L'action intentée par les héritiers d'artistes, afin de récupérer les oeuvres en dépôt chez un galeriste, est une action en revendication (et non une action en restitution) imprescriptible à laquelle le droit des procédures collectives ne peut faire obstacle.
Un marchand d'art détient une galerie exploitée par une société dont il est le gérant. Cette société a été placée en liquidation judiciaire et la clôture de la liquidation pour insuffisance d'actif a été prononcée en 1995.
Deux dessinateurs, décédés lors de l'attentat terroriste qui a frappé la rédaction du journal Charlie Hebdo, y ont vu leurs oeuvres exposées.
Le marchand d'art a confié à une société de ventes aux enchères des oeuvres des deux dessinateurs décédés.
Leurs héritiers des dessinateurs se sont opposé à la vente des dessins et ont réclamé la restitution des oeuvres.
Faisant valoir que les ayants droit ont commis une faute en contestant son droit de propriété sur les oeuvres qui devaient être vendues aux enchères sans aucun élément de preuve, le marchand d'art a fait assigner les héritiers aux fins d'obtenir l'indemnisation de ses préjudices.
Dans un arrêt du 23 avril 2024 (RG n° 21/02616), la cour d'appel de Paris donne raison aux héritiers, jugeant leur action imprescriptible et que le droit des procédures collectives ne peut faire obstacle à l’action en revendication des propriétaires.
Concernant la prescription applicable
L'action en revendication a été définie par la jurisprudence comme celle par laquelle le demandeur, invoquant sa qualité de propriétaire, réclame à celui qui le détient, la restitution d'un bien.
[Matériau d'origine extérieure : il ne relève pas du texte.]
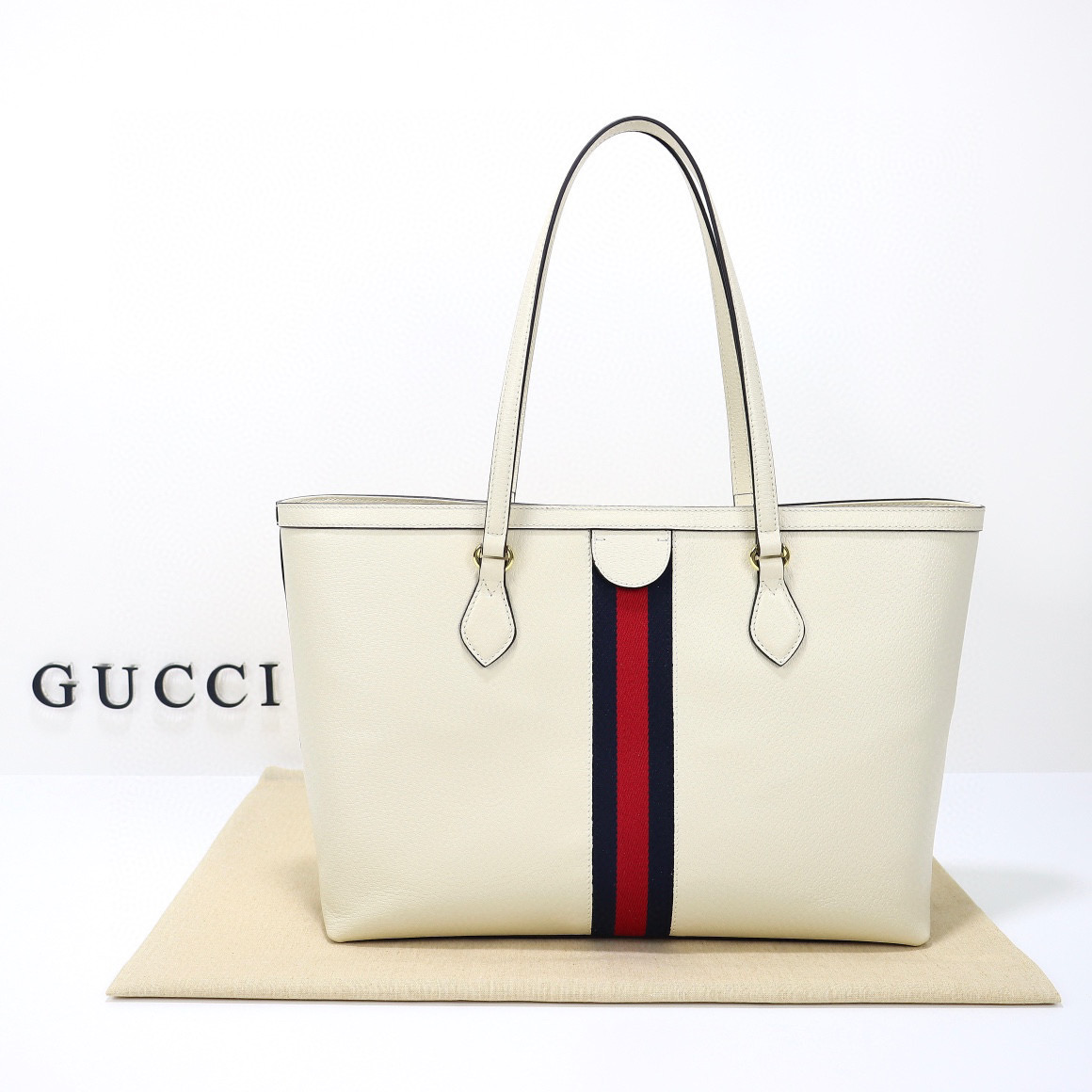 Ophidia medium leather tote in white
L'action en restitution fondée sur un contrat de dépôt, de prêt ou de mandat constitue une action mobilière distincte de l'action en revendication, de sorte qu'elle est soumise à la prescription civile de droit commun relative aux actions personnelles ou mobilières (prescription de cinq ans).
Les intimés exercent une action en revendication des oeuvres et non une action en restitution sur le fondement d'un contrat de dépôt au profit de la société exploitant la galerie, lequel n'est invoqué que pour soutenir le caractère précaire de la possession du marchand d'art qui revendique la propriété de ces mêmes oeuvres au titre de la prescription acquisitive.
Il s'en déduit que les articles 2224 et 2232 du code civil invoqués ne sont pas applicables à l'action en revendication d'oeuvres des intimés laquelle est imprescriptible.
Concernant la fin de non-recevoir tirée de la prescription de l'action fondée sur l'article L. 624-9 du code de commerce
La Cour de cassation a jugé que la sanction de l'absence de revendication par le propriétaire d'un bien dans le délai prévu par l'article L. 624-9 du code de commerce ne consiste pas à transférer ce bien non revendiqué dans le patrimoine du débiteur mais à rendre le droit de propriété sur ce bien inopposable à la procédure collective.
L'article 115 de la loi n° 85-98 du 25 janvier 1985 applicable à la procédure collective de la société exploitant la galerie ouverte en 1995 était formulé dans les mêmes termes que l'article L. 624-9 du code de commerce issu de la loi n° 2005-585 du 26 juillet 2005 entrée en vigueur le 1er janvier 2006.
L'absence de revendication des oeuvres par les trois dessinateurs n'a pas eu pour effet de les transférer dans le patrimoine de la société liquidée mais seulement de rendre le droit de propriété sur ce bien inopposable à la procédure collective.
Cette inopposabilité est sans incidence sur l'action en revendication exercée par les ayants droit jugée imprescriptible par la cour.